5. On  a  careful  consideration,  we  find  that  the  impugned  order,  

including  the  portion  regarding  costs,  was  not  a  consent  order.   During  

hearing on merits, the division bench indicated that the losing party should  

pay the ‘litigation expenses’ relating to the appeal.  This is  nothing but a  

reiteration of what is stated in law, namely section 35 of the Code of Civil  

Procedure. The counsel naturally agreed for the suggestion. But there was  

no consent  for  `45,28,000/-  being determined or being awarded as costs.  

There was no assessment  of the costs by the Taxing Officer of the High  

Court.  We  may  therefore  examine  whether  the  award  of  such  costs  is  

contrary to law.  

Relevant provisions of the Code

6.  Section 35 of the Code of Civil Procedure, 1908, (for short 'the Code')   

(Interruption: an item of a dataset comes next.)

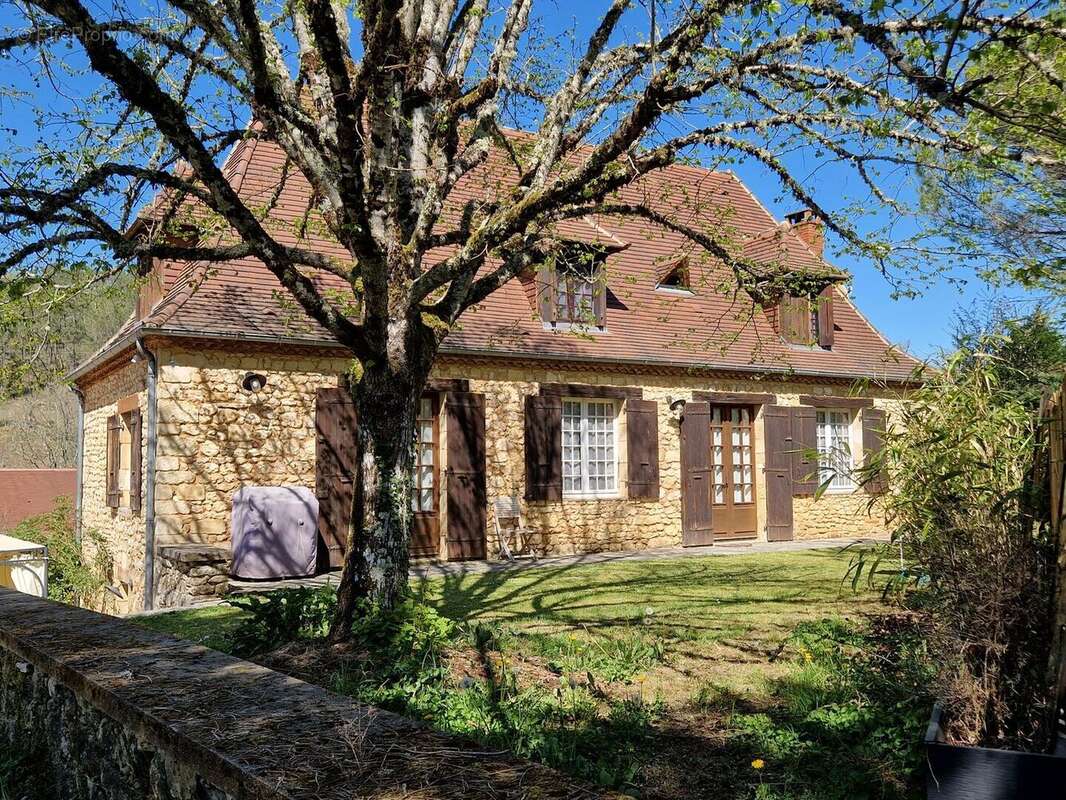 20260409151524 - Maison à SAVIGNAC-DE-MIREMONT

relates to costs and is extracted below:

“35.  Costs. (1)  Subject  to  such  conditions  and  limitations  as  may  be  prescribed, and to the provisions of law for the time being in force, the  costs of and incident to all suits shall be in the discretion of the Court, and  the Court  shall  have full  power to  determine by whom or out  of what  property and to  what  extent  such costs  are  to  be paid,  and to  give all  necessary directions for the purposes aforesaid. The fact that the Court has  no jurisdiction to try the suit shall be no bar to the exercise of such powers. (2) Where the Court directs that any costs shall not follow the event, the  Court shall state its reasons in writing.”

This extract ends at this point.